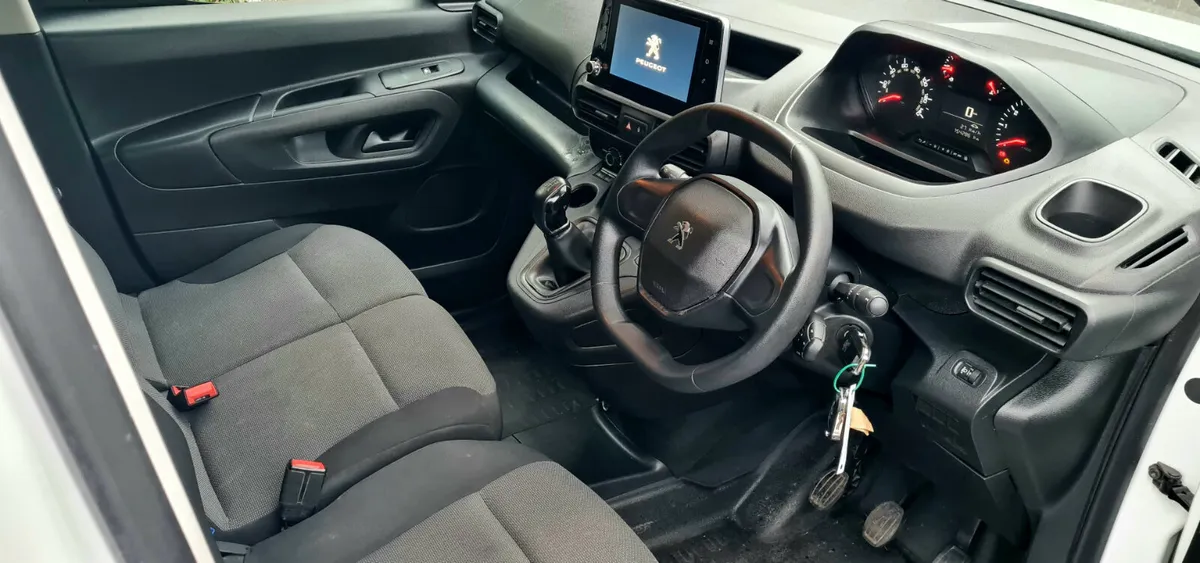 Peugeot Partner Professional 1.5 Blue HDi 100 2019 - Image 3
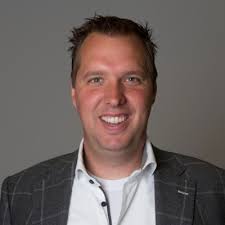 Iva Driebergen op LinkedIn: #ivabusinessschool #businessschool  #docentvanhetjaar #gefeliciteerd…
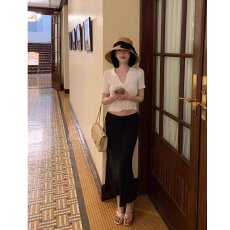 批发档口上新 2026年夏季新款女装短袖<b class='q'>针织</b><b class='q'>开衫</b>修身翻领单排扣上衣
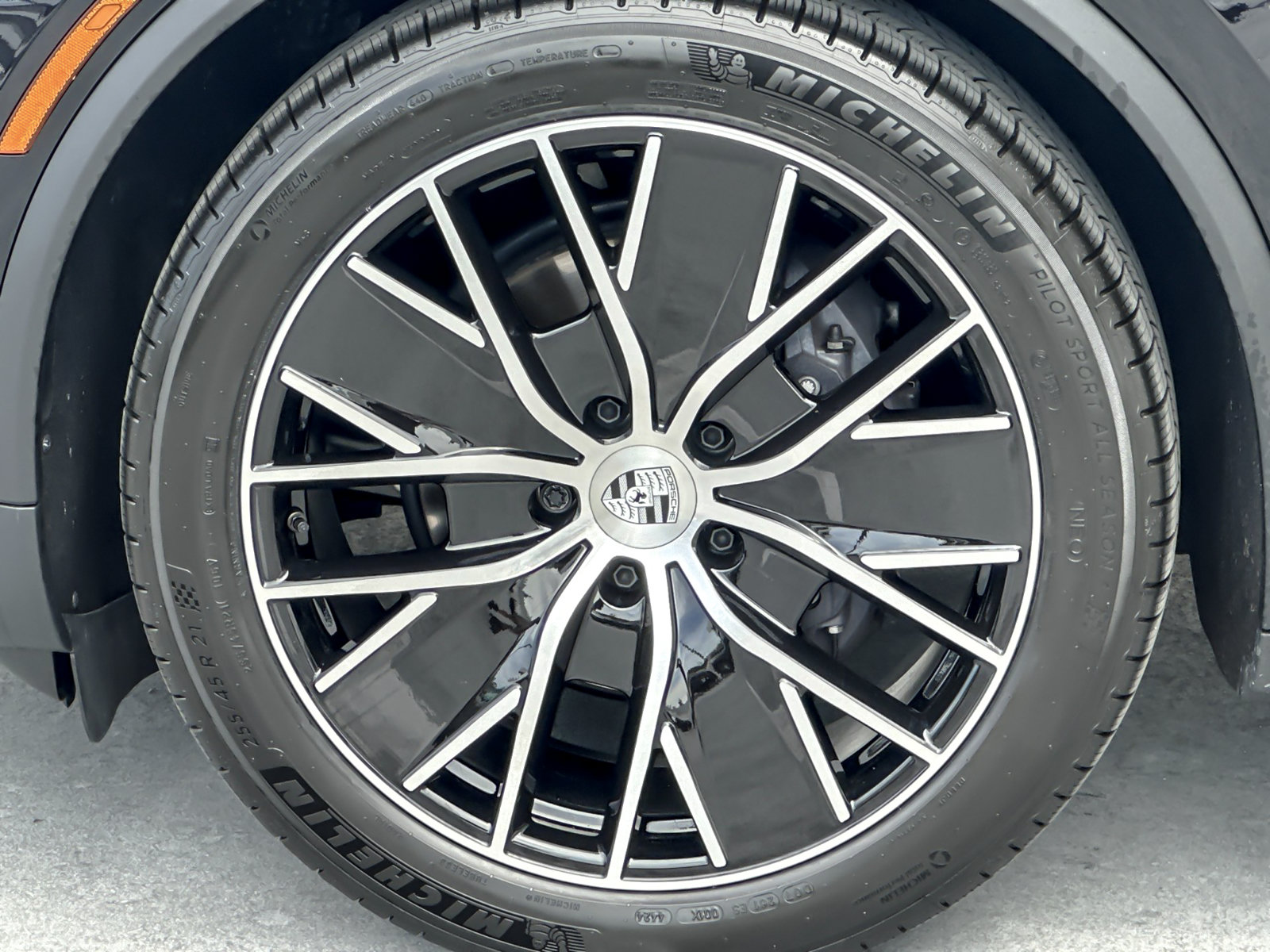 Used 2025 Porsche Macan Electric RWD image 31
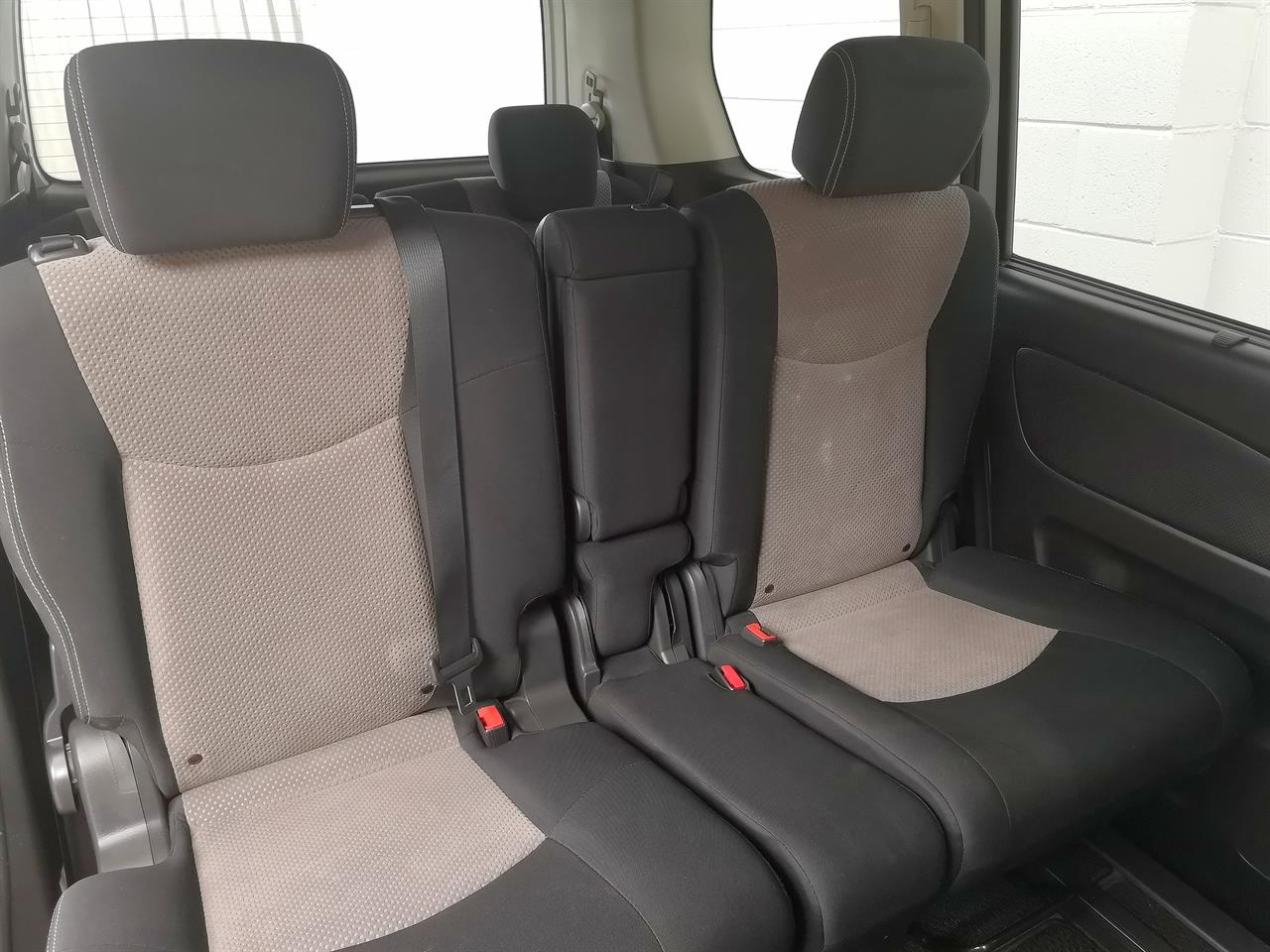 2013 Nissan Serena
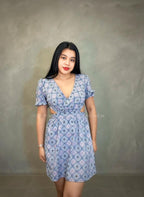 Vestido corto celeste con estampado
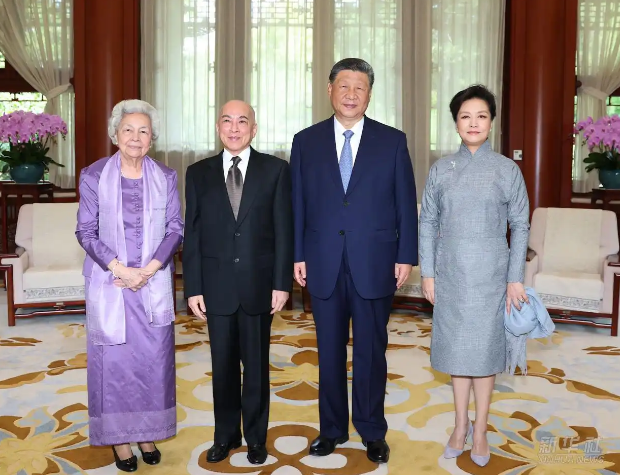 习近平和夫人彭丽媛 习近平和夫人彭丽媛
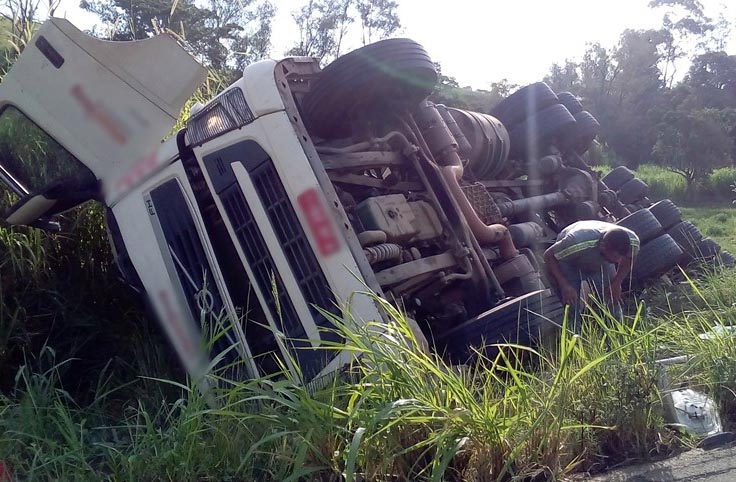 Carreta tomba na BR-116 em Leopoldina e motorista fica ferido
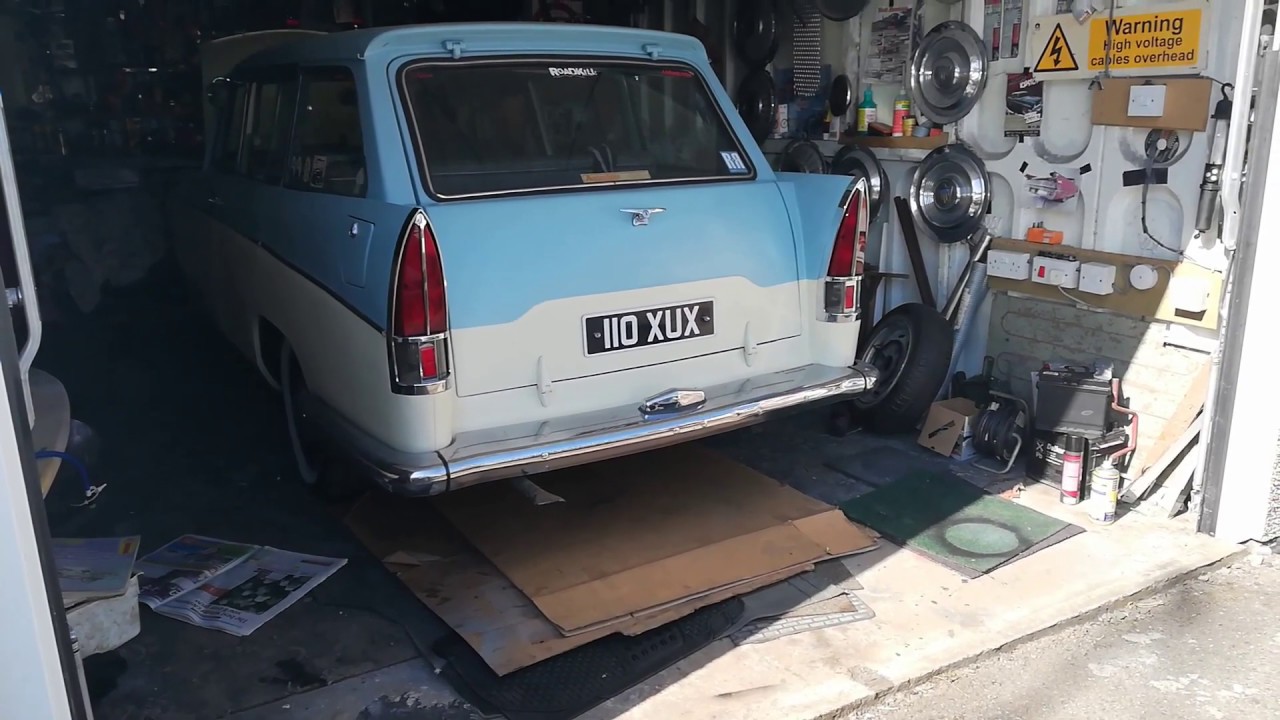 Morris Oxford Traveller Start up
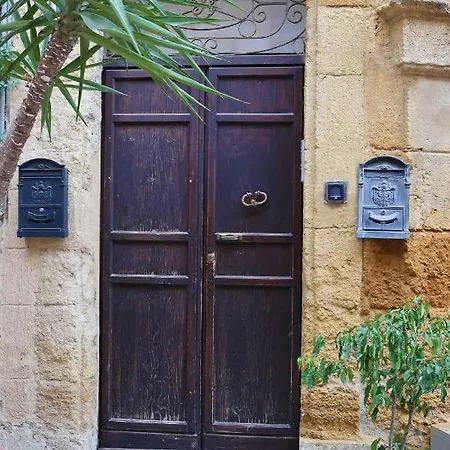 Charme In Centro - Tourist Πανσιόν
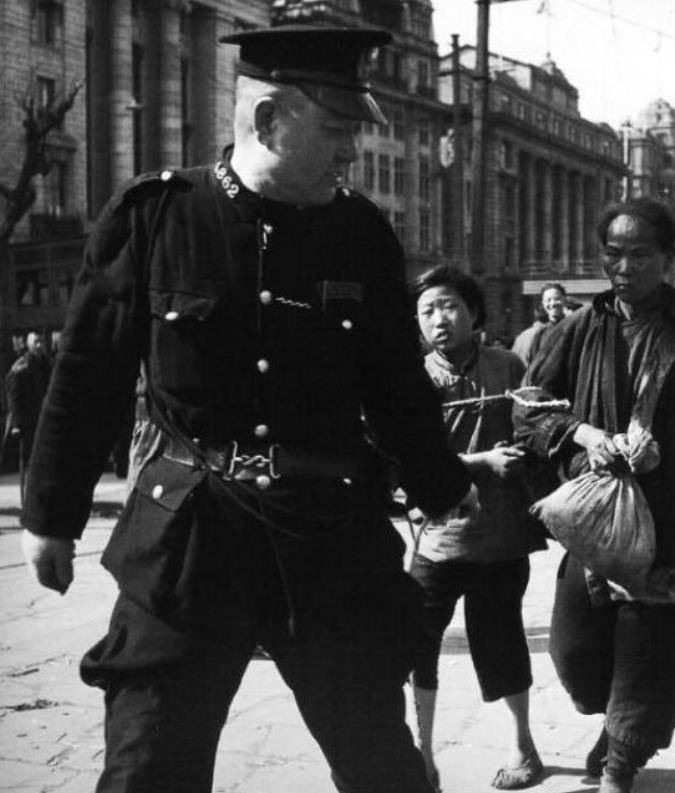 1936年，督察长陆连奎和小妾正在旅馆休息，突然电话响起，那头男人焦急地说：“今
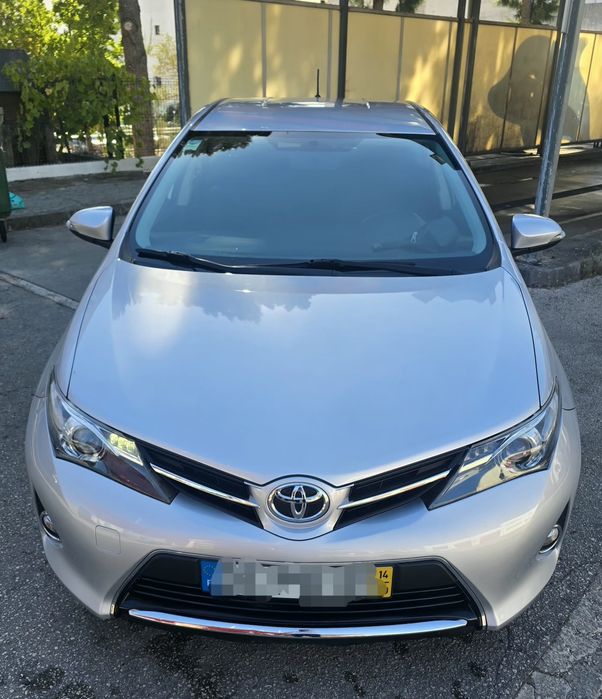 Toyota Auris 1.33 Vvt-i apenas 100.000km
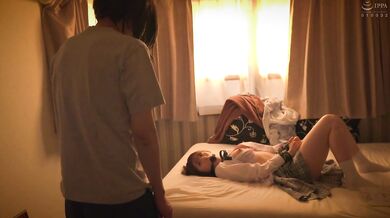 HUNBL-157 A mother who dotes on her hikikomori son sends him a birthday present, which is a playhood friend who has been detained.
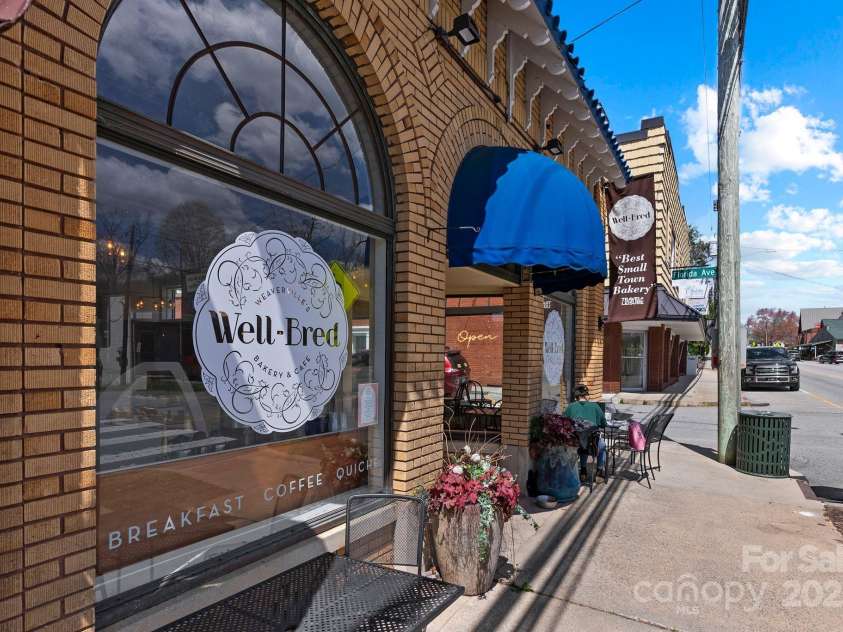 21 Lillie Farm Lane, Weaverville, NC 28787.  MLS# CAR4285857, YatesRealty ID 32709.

════════

| YOUR TASK |
Above are the records; return the lines in them from the one with "2013 Nissan Serena" to the one with "1936年，督察长陆连奎和小", inclusive, exactly and without images.

| ANSWER TO THIS PROBLEM |
 2013 Nissan Serena
 Vestido corto celeste con estampado
 习近平和夫人彭丽媛 习近平和夫人彭丽媛
 Carreta tomba na BR-116 em Leopoldina e motorista fica ferido
 Morris Oxford Traveller Start up
 Charme In Centro - Tourist Πανσιόν
 1936年，督察长陆连奎和小妾正在旅馆休息，突然电话响起，那头男人焦急地说：“今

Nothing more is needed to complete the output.